This work addresses the phase dependence and difficulty in optimizing execution time inherent in Dynamic Movement Primitives (DMPs), caused by the coupling of task geometry and temporal dynamics. To resolve this, we propose Geometric DMPs (GDMPs), the first DMP formulation achieving full decoupling of task-space path geometry from timing via arc-length parameterization—thereby endowing DMPs with phase independence. Methodologically, GDMPs employ a spatial sampling algorithm ensuring complete separation of path and velocity profiles, integrate minimum-time optimization under kinematic constraints, and embed a human–robot collaborative control framework. We formally prove passivity and empirically verify stability. In peg-in-hole tasks, GDMPs outperform conventional DMPs: enabling phase-invariant trajectory reproduction and optimization, generating shortest-duration trajectories satisfying velocity and acceleration limits, and ensuring both safety and real-time responsiveness during physical human–robot interaction.

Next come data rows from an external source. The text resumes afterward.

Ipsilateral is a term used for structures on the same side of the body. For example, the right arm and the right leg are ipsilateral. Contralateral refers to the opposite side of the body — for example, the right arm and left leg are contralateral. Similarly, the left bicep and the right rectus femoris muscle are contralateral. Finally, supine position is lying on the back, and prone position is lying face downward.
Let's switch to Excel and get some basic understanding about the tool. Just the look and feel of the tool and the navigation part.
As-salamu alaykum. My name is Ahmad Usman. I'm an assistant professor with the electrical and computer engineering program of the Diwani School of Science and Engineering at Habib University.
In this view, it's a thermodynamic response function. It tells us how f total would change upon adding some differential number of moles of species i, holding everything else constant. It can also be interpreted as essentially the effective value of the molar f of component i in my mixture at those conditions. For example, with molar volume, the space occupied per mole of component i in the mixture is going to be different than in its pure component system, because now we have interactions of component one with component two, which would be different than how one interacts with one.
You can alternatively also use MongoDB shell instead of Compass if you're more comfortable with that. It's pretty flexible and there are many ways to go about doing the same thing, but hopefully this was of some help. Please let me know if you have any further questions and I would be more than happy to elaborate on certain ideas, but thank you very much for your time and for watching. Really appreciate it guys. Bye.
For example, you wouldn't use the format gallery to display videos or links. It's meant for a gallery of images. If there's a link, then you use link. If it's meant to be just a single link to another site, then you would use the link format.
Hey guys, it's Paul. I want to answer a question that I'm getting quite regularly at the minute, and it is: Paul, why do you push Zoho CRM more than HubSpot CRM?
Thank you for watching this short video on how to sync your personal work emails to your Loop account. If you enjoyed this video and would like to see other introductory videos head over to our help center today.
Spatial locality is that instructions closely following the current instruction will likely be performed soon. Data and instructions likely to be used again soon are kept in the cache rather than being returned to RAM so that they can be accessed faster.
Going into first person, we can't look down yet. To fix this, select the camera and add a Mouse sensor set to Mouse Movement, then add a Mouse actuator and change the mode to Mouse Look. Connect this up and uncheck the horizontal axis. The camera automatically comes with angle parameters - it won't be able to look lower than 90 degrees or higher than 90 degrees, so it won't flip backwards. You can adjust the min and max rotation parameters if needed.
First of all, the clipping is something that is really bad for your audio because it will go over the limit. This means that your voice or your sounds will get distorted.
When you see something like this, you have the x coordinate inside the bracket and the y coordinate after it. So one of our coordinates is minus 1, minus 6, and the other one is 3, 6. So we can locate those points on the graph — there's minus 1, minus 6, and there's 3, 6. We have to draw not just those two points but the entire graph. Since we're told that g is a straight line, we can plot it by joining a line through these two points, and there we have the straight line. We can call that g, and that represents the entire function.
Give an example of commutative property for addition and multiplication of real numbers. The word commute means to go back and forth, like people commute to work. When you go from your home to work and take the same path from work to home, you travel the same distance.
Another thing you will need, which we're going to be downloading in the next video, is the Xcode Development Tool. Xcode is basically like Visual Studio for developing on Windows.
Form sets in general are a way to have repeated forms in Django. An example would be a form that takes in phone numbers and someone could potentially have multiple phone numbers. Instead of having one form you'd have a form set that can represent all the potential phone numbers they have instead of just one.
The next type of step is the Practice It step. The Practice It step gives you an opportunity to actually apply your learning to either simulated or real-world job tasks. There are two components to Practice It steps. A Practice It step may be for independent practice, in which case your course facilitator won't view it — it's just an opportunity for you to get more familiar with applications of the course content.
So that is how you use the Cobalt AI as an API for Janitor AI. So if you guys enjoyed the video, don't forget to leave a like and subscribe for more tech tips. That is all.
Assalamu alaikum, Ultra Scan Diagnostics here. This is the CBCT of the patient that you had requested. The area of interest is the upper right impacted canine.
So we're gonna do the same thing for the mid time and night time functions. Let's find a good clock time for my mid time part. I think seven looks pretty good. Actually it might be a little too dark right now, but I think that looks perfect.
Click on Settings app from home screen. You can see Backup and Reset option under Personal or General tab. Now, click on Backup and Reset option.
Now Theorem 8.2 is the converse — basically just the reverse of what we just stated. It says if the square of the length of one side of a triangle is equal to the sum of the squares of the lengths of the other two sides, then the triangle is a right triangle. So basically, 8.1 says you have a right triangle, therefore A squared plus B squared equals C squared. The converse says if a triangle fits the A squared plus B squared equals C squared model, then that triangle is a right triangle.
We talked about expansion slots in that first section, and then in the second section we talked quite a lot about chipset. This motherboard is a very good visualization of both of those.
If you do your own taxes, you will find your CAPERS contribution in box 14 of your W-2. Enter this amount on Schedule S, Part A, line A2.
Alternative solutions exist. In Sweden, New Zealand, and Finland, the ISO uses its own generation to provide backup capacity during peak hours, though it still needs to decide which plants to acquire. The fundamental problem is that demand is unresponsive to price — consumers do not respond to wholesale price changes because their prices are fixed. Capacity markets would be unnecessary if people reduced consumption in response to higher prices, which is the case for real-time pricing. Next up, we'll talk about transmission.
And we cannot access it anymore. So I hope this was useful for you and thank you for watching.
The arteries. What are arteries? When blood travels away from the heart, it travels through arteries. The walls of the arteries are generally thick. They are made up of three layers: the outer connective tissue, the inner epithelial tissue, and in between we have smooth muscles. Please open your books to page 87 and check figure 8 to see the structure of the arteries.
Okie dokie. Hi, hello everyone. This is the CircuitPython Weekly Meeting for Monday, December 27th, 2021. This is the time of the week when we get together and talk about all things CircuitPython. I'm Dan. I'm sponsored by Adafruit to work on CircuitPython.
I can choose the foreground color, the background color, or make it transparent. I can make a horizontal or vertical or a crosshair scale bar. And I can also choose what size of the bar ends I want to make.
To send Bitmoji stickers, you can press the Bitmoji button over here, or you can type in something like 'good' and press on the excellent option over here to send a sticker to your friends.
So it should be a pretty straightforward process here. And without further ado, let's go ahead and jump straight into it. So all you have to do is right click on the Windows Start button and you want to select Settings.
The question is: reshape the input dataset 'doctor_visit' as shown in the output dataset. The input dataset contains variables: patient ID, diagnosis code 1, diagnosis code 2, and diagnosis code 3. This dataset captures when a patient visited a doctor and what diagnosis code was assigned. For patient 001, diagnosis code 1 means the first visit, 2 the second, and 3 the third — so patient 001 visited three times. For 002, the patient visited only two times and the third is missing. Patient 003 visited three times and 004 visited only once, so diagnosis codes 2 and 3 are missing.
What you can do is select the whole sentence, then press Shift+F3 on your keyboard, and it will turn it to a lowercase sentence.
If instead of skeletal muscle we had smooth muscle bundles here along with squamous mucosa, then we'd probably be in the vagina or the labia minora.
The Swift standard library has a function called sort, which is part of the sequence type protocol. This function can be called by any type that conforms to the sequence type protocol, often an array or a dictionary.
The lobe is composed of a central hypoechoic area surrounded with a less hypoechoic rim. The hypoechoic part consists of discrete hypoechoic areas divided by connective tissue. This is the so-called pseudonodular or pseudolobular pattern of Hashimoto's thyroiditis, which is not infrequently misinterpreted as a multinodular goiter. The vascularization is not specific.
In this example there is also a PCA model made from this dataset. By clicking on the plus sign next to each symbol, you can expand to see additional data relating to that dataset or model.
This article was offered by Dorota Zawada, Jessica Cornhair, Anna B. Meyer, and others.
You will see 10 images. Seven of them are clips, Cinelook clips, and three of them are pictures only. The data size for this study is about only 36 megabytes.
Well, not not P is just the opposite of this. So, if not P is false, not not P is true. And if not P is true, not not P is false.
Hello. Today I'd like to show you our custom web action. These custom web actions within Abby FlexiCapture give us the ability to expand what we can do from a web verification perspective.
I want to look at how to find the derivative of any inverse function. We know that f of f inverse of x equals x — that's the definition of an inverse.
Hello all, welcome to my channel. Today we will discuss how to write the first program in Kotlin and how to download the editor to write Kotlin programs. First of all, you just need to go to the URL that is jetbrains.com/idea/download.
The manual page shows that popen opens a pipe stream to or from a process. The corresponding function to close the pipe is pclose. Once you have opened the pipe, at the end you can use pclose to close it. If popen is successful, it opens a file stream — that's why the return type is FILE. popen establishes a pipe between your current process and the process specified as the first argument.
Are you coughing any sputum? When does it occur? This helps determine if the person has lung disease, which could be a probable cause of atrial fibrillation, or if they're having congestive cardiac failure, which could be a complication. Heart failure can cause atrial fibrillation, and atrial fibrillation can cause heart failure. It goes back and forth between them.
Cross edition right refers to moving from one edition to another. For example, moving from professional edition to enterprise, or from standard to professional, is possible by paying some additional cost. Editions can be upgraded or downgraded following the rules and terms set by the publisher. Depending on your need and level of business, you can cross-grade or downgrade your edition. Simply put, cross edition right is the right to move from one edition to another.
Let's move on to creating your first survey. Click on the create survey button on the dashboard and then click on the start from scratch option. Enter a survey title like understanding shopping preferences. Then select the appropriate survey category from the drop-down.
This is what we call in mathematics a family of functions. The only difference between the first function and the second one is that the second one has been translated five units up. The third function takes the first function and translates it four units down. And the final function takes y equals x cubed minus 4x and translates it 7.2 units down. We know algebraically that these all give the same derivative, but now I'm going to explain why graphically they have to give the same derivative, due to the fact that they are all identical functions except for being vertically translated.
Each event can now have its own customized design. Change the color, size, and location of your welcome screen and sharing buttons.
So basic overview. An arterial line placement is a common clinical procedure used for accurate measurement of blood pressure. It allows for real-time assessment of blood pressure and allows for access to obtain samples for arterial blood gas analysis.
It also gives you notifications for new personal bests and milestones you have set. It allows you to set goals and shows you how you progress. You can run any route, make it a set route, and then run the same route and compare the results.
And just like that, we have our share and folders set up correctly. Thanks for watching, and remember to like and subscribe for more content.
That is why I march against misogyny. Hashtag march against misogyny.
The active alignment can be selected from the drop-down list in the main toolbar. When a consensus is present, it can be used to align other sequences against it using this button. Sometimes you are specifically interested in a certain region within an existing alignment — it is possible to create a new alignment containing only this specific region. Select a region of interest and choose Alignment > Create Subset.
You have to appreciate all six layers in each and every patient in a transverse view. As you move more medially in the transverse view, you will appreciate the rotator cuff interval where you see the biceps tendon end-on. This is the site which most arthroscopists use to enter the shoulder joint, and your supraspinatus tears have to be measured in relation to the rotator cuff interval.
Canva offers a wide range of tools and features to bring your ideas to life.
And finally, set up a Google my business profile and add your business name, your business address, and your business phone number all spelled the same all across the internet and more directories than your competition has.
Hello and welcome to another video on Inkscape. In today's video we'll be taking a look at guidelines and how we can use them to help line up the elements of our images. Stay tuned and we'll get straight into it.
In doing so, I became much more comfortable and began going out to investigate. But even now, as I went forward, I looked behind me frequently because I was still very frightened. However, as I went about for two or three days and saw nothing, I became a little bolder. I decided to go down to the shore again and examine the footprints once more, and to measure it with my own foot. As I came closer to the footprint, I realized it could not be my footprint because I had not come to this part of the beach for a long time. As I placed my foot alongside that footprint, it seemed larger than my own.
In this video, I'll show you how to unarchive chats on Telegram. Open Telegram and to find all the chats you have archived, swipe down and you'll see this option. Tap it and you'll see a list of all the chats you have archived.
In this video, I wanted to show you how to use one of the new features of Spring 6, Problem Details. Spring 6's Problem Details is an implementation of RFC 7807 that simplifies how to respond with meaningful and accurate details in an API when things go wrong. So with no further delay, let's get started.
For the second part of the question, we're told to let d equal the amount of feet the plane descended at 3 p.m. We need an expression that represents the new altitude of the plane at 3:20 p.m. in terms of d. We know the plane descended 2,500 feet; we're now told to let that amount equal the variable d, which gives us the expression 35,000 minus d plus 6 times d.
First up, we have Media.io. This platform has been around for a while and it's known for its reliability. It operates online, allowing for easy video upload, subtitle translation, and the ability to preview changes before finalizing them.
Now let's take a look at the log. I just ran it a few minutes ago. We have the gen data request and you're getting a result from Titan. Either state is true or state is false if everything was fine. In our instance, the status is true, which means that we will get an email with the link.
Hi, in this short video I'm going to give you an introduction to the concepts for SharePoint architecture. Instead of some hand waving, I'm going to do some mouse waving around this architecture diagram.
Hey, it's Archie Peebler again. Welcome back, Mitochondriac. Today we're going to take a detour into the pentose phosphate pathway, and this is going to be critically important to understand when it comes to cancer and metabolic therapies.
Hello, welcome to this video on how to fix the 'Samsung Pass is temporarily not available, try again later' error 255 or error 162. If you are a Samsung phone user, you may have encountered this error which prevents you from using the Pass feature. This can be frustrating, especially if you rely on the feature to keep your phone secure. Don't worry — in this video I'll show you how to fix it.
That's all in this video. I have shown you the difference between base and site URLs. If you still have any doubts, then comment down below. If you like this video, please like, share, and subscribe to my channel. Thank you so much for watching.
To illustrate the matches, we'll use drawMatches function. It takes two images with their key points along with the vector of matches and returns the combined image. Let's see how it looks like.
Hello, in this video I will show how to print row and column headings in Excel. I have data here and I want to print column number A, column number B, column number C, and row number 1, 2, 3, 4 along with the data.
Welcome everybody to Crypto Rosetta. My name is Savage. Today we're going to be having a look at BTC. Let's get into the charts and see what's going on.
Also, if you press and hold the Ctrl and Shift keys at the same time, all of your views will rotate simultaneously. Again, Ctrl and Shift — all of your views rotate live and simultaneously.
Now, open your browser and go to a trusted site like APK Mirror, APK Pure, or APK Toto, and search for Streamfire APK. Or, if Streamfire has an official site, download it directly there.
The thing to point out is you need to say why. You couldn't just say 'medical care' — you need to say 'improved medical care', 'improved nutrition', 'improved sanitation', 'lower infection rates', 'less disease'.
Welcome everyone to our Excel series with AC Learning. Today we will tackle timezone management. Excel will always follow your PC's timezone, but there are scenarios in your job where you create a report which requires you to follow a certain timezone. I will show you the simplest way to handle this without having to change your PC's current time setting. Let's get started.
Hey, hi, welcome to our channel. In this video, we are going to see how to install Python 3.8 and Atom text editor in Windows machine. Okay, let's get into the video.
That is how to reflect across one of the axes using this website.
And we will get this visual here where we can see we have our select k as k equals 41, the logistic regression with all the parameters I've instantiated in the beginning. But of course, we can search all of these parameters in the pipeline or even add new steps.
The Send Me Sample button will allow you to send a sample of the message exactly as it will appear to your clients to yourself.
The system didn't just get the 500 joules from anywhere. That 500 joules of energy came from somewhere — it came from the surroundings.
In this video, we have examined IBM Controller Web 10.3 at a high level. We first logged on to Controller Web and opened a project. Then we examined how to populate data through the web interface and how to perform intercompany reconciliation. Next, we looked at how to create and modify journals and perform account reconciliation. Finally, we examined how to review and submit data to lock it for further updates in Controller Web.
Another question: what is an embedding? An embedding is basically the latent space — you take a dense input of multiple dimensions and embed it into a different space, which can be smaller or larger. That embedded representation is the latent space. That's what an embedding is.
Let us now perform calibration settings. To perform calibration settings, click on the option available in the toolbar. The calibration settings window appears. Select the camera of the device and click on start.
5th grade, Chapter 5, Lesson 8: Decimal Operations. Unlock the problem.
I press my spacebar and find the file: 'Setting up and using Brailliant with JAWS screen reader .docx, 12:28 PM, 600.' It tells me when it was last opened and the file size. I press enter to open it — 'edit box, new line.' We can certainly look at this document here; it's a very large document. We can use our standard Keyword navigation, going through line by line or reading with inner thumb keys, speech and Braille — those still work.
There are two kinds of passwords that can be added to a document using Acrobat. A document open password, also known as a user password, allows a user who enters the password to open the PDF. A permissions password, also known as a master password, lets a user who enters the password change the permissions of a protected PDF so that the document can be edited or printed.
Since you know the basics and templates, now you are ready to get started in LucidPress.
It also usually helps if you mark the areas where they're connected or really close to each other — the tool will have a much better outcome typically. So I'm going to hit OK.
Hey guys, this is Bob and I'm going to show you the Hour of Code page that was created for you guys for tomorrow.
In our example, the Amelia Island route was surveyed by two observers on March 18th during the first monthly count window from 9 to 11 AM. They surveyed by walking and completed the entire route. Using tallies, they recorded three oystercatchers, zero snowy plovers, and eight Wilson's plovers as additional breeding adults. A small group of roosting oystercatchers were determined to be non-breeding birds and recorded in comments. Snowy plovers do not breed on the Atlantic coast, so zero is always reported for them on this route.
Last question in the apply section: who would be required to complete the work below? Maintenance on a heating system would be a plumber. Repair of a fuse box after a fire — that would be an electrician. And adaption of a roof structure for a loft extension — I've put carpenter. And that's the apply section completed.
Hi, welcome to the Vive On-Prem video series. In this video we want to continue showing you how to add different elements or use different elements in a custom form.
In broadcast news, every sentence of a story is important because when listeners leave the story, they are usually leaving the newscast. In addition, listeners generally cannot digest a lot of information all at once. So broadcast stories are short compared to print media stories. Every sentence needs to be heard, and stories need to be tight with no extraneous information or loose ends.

Dynamic Movement Primitives (DMP) are an established and efficient method for encoding robotic tasks that require adaptation based on reference motions. Typically, the nominal trajectory is obtained through Programming by Demonstration (PbD), where the robot learns a task via kinesthetic guidance and reproduces it in terms of both geometric path and timing law. Modifying the duration of the execution in standard DMPs is achieved by adjusting a time constant in the model. This paper introduces a novel approach to fully decouple the geometric information of a task from its temporal information using an algorithm called spatial sampling, which allows parameterizing the demonstrated curve by its arc-length. This leads to the definition of the Geometric DMP (GDMP). The proposed spatial sampling algorithm guarantees the regularity of the demonstrated curve and ensures a consistent projection of the human force throughout the task in a human-in-the-loop scenario. GDMP exhibits phase independence, as its phase variable is no longer constrained to the demonstration's timing law, enabling a wide range of applications, including phase optimization problems and human-in-the-loop applications. Firstly, a minimum task duration optimization problem subject to velocity and acceleration constraints is formulated. The decoupling of path and speed in GDMP allows to achieve optimal time duration without violating the constraints. Secondly, GDMP is validated in a human-in-the-loop application, providing a theoretical passivity analysis and an experimental stability evaluation in co-manipulation tasks. Finally, GDMP is compared with other DMP architectures available in the literature, both for the phase optimization problem and experimentally with reference to an insertion task, showcasing the enhanced performance of GDMP with respect to other solutions.